One last question, I realized I can get a fly cutter along with the raw materials from MMC. I've never tried to grind my own tool bit so I thought I'd get a premade one. I know I need a left handed turning bit but I'm not sure what style is best for surfacing. Any suggestions?


----------



## wrmiller (Mar 28, 2014)

LMS has a fly cutter with a pre-ground cutter and a 3/8" shank for around $20

Bill




TIGL said:


> Thanks, I will!
> 
> One last question, I realized I can get a fly cutter along with the raw materials from MMC. I've never tried to grind my own tool bit so I thought I'd get a premade one. I know I need a left handed turning bit but I'm not sure what style is best for surfacing. Any suggestions?


----------



## TIGL (Mar 28, 2014)

wrmiller19 said:


> LMS has a fly cutter with a pre-ground cutter and a 3/8" shank for around $20
> 
> Bill



I'm familiar with the LMS one and may buy it if I can't find what I need. The reason I wanted to get the one from McMaster is that it will be much easier to get it approved if I add it in with my raw materials rather than writing up a separate application for approval to buy capital goods. That's corporate America for you I suppose 

Edit: The ability to buy preground HSS bits from mcmaster is also helpful since I am a sub novice at that craft


----------



## toag (Mar 28, 2014)

I had a lms with the tiltingcolumn, great starter machine... but for a work environment I would go witbh the larger one if you can.  now thagt I have a few more years under my belt I would have bought a larger used machine instead of the lms mini mill.  iput the igaging dro's on it which are a great add, and the gas piston also a great add.

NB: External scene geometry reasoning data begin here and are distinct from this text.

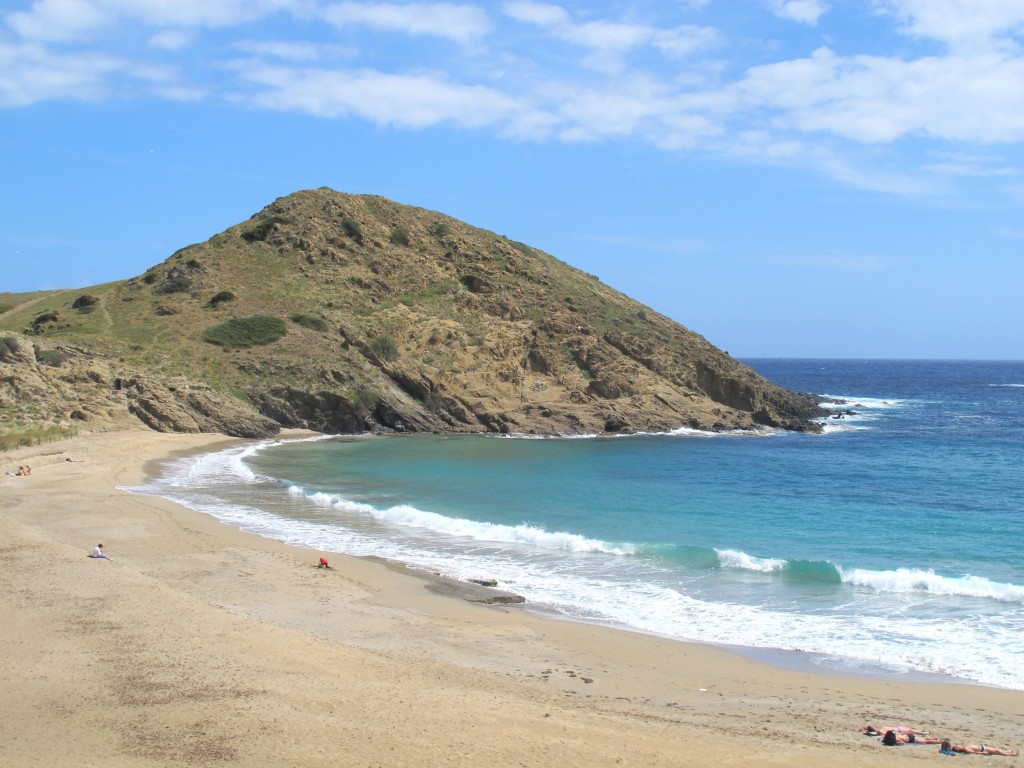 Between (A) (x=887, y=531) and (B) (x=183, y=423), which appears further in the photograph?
(B) (x=183, y=423)

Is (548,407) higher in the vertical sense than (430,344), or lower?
lower

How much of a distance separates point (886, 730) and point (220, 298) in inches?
1997

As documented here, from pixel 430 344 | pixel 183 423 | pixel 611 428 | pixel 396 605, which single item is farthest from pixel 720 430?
pixel 396 605

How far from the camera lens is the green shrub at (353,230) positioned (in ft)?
208

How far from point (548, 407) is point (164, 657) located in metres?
41.0

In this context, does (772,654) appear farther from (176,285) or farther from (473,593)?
(176,285)

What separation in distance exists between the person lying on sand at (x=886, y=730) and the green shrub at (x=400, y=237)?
5855cm

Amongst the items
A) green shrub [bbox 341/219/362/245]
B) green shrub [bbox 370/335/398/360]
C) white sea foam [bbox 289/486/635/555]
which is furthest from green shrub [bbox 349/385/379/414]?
white sea foam [bbox 289/486/635/555]

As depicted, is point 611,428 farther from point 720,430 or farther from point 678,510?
point 678,510

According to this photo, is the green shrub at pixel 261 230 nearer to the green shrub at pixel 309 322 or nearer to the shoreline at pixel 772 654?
the green shrub at pixel 309 322

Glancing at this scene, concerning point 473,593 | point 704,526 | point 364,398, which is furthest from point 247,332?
point 473,593

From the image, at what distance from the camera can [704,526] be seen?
23.2m

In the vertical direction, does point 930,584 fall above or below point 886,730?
above

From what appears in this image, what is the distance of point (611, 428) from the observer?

But even after all that, its still a small mill, and for 1500 you can get a pretty big used knee mill, andx have alot more capability.


----------



## wrmiller (Mar 28, 2014)

I am lucky I guess, in that I am able to expense purchases up to 50k. For work.

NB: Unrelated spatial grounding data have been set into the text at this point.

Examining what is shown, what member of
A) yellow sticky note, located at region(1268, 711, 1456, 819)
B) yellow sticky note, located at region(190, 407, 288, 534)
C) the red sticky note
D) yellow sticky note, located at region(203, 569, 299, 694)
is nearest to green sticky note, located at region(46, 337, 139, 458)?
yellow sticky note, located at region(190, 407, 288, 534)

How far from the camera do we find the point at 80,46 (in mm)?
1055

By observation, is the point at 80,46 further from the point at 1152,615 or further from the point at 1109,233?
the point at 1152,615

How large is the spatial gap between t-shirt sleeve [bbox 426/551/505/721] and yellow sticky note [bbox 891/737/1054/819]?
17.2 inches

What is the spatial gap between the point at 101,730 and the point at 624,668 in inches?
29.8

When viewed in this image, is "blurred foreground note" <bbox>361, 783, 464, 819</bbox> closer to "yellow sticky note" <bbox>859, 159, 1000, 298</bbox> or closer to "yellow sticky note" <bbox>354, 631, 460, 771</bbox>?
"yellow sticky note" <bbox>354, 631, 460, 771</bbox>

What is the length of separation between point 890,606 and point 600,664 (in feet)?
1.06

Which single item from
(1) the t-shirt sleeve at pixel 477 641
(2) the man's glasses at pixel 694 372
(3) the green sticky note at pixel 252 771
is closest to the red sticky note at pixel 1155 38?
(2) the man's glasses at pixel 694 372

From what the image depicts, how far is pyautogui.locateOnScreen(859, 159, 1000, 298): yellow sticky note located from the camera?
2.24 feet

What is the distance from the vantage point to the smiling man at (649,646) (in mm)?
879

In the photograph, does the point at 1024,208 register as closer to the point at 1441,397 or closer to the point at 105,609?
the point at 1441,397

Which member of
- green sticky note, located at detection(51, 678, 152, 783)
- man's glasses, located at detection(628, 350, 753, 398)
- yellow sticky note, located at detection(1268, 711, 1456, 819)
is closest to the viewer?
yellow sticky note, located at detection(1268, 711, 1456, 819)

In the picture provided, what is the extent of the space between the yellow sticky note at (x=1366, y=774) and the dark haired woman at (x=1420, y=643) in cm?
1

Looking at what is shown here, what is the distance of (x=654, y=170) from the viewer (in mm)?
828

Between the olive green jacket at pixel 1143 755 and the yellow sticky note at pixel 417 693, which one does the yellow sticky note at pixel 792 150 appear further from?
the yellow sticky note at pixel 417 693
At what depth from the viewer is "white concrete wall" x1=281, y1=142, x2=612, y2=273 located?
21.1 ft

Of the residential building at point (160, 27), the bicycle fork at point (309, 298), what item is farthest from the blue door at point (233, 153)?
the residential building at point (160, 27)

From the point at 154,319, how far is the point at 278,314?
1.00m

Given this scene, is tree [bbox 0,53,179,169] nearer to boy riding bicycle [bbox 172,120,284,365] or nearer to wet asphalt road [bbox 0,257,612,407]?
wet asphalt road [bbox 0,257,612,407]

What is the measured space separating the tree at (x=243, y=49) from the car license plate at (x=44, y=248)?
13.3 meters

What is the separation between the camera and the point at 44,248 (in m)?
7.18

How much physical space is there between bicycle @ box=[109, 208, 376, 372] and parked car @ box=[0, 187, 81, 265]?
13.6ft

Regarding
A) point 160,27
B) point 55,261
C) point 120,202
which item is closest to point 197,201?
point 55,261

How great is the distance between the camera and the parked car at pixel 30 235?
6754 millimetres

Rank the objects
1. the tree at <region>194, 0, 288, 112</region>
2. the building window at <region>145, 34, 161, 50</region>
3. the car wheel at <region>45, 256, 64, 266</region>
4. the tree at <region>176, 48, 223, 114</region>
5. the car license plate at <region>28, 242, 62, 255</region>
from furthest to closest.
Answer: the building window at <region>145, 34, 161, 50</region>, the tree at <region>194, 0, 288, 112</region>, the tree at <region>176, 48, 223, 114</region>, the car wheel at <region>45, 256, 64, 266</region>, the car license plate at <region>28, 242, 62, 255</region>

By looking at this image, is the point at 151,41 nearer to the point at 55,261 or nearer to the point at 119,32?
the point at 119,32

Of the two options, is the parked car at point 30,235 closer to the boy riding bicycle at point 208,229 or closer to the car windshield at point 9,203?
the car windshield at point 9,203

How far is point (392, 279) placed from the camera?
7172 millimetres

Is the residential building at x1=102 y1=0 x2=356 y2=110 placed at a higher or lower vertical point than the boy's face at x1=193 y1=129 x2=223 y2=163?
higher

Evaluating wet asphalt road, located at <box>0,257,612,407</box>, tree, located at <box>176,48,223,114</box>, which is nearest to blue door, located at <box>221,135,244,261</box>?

Now if I could just figure out how to use that for a couple of machines for my garage...  :think1:

Bill



TIGL said:


> I'm familiar with the LMS one and may buy it if I can't find what I need. The reason I wanted to get the one from McMaster is that it will be much easier to get it approved if I add it in with my raw materials rather than writing up a separate application for approval to buy capital goods. That's corporate America for you I suppose
> 
> Edit: The ability to buy preground HSS bits from mcmaster is also helpful since I am a sub novice at that craft


----------



## TIGL (Mar 31, 2014)

wrmiller19 said:


> I am lucky I guess, in that I am able to expense purchases up to 50k. For work.
> 
> Now if I could just figure out how to use that for a couple of machines for my garage...  :think1:
> 
> Bill



Lucky! That's seriously awesome. 



I'm thinking style 2 but I'd like some confirmation that its the right choice


----------



## dave2176 (Mar 31, 2014)

TIGL said:


> Lucky! That's seriously awesome.
> 
> 
> 
> ...



Those bits are for a lathe. A flycutter needs to lay or be ground perpendicular the work piece. Install the flycutter, take a 1 2 3 block laid on the table, mark the angle to grind the tool bit and grind. Leave a little relief on the back edge so the cutting edge is the lowest point.

Dave


----------



## markknx (Apr 1, 2014)

Is this for the fly Cutter? These lookto be turning tools. What is the sorce of  this chart?





TIGL said:


> Lucky! That's seriously awesome. I'm thinking style 2 but I'd like some confirmation that its the right choice
> 
> 
> 
> ...


----------



## TIGL (Apr 2, 2014)

markknx said:


> Is this for the fly Cutter? These look to be turning tools. What is the source of  this chart?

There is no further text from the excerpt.